Hot Topic Tuesday — Lenders Concerned about the Definition of “Necessity” on New SBA PPP Forms

November 10, 2020

Caity Roach
Contributing Editor

Hot Topic Tuesday — Lenders Concerned about the Definition of “Necessity” on New SBA PPP Forms

On October 26, 2020, the SBA filed a Federal Register notice seeking approval from the U.S. Office of Management and Budget (OMB) for two new PPP borrower questionnaires intended to determine the necessity of loans over $2 million. The first, SBA Form 3509 PPP, is to be completed by for-profit borrowers and the second, SBA Form 3510, has been constructed for nonprofit borrowers. The draft status of these new questionnaires as well as the specific questions being asked give rise to a host of questions and concerns about how responses will be used. 

Initially, many lenders interpreted language within the CARES Act to mean that they did not need to check for credit elsewhere, perform a personal resources test, or take any other additional steps to prove that the borrower had been adversely impacted by COVID-19 when making PPP loans. However, FAQ guidance released in May suggested that the SBA would be considering “necessity” when issuing forgiveness decisions. Further guidance on how necessity would be determined appeared to come when the SBA forgiveness Form 3508S was released along with instructions noting that the lender could rely on borrower certifications for loans under $50,000. However, language within the new questionnaires suggests that larger-sized PPP loans may not receive full forgiveness if the borrower is unable to prove necessity on the basis of liquidity.

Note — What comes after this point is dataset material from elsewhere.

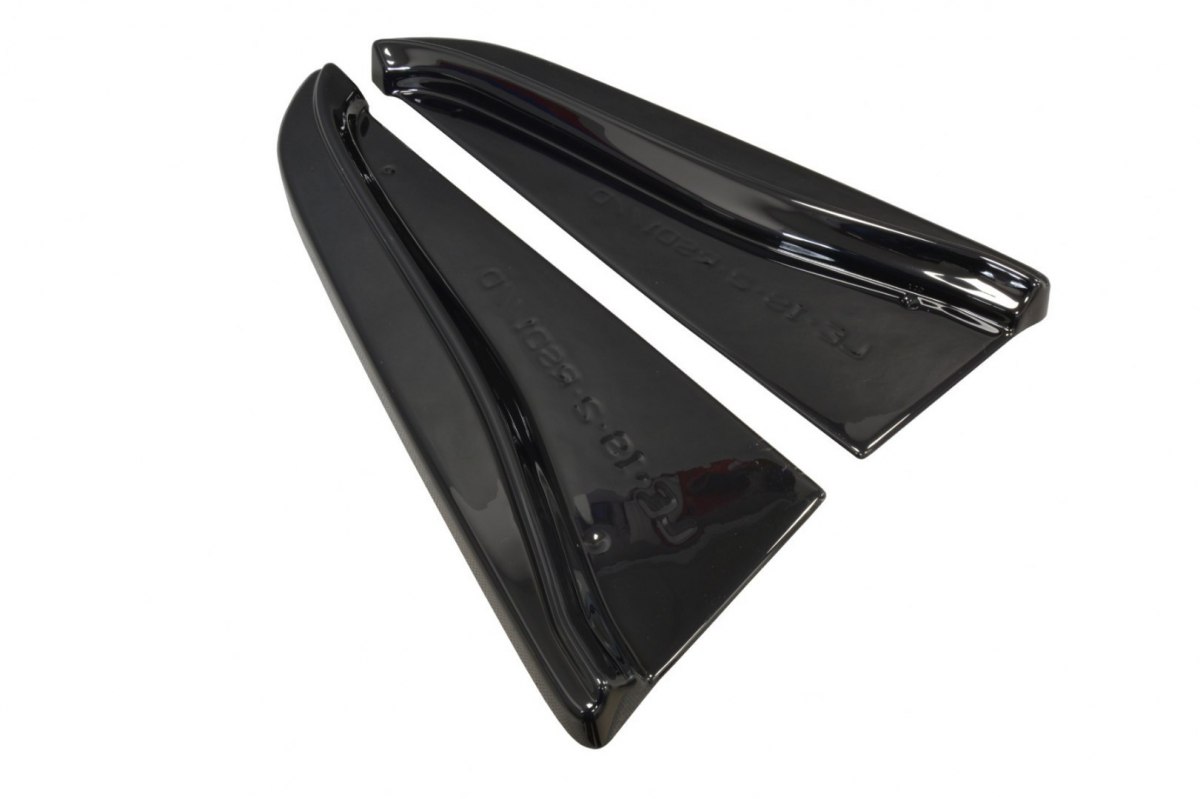 REAR SIDE SPLITTERS LEXUS IS MK2 - 8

Given the language used in the new forms, lenders are beginning to voice their concerns over how the SBA will define “necessity”. Some have suggested that their borrowers may be put in the awkward position of being scrutinized more closely for having fared better during the pandemic than was anticipated. Others have noted that their borrowers may have improperly certified as to their necessity and may now be facing a large unforgivable loan at the end of their deferment period. 

The Federal Register Notice regarding these new forms notes that comments on the necessity questionnaires will remain open until November 25, 2020. Both borrowers and lenders are encouraged to comment via mail (please note that no electronic comments are being accepted).